When we talk about Augusta, we are usually talking about conflict.

Whether it’s Democrats versus Republicans, the House versus the Senate or the governor versus anybody, it’s the controversies that get our attention.

This is natural. We live in a time when there are some fundamental disagreements over how government should work, and what its responsibilities are to the people governed. So when the conversation turns to taxes or social services, there are usually strong but conflicting views on both sides of the issue. Those arguments are hard to ignore.

But it’s important to remember that not every issue is partisan, and not everything that’s important is surrounded by people yelling at each other.

We want to highlight three ideas on which there is broad, bipartisan accord. They all have a chance of making progress during this legislative session, they are all important and each in its own way would make life better in Maine. They should not be forgotten just because none is a focus of disagreement.

n The KeepME Home initiative is a bipartisan effort led by House Speaker Mark Eves, D-North Berwick, that would help more members of Maine’s aging population live independently in their homes and communities. The initiative calls for a $65 million bond issue that would be used to build 1,000 units of sorely needed affordable housing.

Maine needs an estimated 9,000 units of affordable senior housing to meet current needs and will need another 6,000 over the next decade, according to a report commissioned by the Maine Affordable Housing Coalition.

An aging population and some of the nation’s oldest housing stock is a bad combination.
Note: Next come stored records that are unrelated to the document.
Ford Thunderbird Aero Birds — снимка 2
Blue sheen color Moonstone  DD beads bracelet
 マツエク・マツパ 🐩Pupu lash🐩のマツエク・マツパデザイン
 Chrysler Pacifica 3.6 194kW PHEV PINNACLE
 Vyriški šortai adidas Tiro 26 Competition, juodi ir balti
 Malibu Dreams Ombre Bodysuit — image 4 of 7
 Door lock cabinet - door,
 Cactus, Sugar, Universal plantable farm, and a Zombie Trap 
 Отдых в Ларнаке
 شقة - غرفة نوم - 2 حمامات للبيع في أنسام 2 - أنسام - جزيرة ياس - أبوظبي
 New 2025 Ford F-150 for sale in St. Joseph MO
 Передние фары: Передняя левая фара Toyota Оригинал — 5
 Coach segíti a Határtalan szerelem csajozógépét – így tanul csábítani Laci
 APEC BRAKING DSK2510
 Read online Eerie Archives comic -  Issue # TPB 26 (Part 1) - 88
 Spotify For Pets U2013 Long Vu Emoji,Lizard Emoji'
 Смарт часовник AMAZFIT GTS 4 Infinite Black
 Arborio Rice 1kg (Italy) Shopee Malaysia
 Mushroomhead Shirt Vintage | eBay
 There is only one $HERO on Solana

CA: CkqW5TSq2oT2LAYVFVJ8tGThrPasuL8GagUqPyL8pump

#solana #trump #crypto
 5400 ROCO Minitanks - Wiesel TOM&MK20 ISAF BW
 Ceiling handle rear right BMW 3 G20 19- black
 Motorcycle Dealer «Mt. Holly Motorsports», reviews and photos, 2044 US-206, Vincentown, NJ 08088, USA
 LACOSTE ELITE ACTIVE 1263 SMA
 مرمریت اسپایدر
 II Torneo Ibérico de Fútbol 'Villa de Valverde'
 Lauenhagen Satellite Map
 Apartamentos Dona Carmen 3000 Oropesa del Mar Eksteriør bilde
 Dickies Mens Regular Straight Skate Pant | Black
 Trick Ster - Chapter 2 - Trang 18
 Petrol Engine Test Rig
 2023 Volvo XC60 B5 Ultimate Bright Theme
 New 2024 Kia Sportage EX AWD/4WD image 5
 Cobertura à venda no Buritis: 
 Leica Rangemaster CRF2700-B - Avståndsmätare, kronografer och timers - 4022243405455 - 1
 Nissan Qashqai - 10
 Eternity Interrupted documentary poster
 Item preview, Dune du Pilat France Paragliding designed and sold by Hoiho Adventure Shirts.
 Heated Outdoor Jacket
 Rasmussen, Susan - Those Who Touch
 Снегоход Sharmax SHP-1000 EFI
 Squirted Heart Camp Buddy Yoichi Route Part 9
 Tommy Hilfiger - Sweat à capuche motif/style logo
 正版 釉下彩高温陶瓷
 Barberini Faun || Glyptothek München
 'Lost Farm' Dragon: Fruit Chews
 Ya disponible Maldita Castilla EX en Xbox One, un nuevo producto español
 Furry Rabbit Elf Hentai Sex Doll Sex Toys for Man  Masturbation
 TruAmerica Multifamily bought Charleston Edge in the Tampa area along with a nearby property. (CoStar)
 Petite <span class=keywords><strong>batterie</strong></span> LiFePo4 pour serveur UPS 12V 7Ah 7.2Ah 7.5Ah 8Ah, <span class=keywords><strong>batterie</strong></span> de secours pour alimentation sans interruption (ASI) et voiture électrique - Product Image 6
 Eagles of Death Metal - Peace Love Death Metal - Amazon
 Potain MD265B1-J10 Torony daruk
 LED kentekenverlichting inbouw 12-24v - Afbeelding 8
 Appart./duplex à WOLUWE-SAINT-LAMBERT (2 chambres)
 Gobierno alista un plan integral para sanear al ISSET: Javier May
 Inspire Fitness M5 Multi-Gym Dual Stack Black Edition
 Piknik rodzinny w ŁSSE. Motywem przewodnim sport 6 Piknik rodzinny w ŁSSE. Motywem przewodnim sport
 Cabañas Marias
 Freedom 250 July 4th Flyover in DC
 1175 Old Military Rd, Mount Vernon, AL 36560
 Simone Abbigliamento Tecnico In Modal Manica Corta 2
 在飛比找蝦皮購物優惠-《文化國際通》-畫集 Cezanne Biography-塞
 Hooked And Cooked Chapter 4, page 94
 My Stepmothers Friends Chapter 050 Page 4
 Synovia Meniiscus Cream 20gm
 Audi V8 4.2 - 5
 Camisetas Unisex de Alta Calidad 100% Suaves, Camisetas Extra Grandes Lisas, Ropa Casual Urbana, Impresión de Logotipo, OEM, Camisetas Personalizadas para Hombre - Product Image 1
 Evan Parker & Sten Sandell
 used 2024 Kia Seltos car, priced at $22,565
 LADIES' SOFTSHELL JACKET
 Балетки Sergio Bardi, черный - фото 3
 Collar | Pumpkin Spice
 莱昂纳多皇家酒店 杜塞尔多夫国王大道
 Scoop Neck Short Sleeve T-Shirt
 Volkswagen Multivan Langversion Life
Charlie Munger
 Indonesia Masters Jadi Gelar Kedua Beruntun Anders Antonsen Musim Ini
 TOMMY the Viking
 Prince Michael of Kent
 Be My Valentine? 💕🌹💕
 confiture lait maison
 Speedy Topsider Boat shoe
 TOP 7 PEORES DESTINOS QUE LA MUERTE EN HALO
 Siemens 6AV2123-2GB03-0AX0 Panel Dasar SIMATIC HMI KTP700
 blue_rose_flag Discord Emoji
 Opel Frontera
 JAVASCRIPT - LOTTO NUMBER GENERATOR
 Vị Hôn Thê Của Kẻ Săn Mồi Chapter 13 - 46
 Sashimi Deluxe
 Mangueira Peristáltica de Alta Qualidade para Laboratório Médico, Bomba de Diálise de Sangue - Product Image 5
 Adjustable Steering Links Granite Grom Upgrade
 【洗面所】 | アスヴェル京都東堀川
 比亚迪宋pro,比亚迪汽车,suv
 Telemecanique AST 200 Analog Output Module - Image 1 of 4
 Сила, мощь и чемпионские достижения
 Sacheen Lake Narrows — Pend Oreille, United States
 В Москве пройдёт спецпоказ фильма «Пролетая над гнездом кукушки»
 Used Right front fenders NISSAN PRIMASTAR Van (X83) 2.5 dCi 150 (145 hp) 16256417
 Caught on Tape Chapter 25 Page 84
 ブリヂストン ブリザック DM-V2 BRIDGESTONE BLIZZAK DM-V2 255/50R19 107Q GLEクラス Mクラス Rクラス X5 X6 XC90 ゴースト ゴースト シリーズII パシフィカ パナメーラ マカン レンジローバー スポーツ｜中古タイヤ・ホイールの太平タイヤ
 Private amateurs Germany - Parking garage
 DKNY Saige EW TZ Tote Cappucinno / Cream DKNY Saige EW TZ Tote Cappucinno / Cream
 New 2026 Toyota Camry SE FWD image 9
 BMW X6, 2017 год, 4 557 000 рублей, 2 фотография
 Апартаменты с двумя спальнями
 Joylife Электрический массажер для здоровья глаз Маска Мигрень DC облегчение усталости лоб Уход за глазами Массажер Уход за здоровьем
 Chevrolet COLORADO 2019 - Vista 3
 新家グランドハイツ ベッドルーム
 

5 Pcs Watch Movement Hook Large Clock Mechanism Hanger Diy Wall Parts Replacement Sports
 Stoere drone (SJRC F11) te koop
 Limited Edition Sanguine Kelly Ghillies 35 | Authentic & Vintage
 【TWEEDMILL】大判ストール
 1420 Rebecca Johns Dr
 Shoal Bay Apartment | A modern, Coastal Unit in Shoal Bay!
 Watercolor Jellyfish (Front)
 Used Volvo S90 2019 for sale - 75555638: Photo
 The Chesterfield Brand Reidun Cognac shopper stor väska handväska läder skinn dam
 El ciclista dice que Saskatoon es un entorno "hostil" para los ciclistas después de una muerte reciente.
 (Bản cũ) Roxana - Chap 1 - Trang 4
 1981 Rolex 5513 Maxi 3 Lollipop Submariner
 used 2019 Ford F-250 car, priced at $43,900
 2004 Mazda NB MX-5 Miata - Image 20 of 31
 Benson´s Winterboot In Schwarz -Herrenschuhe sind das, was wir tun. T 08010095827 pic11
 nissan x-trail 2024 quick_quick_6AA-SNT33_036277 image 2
Isolated elders are more likely to take a debilitating fall or develop an illness, ending up in a nursing home or assisted living facility sooner than might otherwise have been necessary.

Affordable housing for seniors is not a controversial issue, but it is one critically important to families in every corner of the state.

n Maine should end the welfare cliff. In his first campaign, now-Gov. LePage talked about a need to ease the transition from welfare to work by letting people keep some of their benefits as they start getting a paycheck. Efforts to change the system have been introduced by members of both parties, but did not make it into law.

This year, with welfare reform near the top of the legislative agenda, it should be able to move forward.

The current loss of benefits is too abrupt. A family of four could lose all of its assistance if one member started earning more than $1,100 a month. That would not be enough to replace the value of the aid, creating a perverse incentive to avoid employment.

Welfare has been a contentious issue in recent years, but here is an area where members of both parties could find common ground if they want to get something done.

n High-speed Internet connections are as important for bringing products to market as rail lines or highways. But only 20 percent of addresses in Maine have access to this vital tool.

A bill co-sponsored by Republican Senate Majority Leader Garrett Mason and Assistant Democratic House Leader Sara Gideon would help municipalities connect to the state’s Three Ring Binder backbone.

If successful, Maine could go from being one of the worst states in the nation when it comes to the quality of its Internet connections to one of the best, creating business opportunities in places that now appear to be too remote to compete.

This is not a controversial bill, but it’s an important one. Like the senior housing and ending the welfare cliff, it should get the support of both parties this year.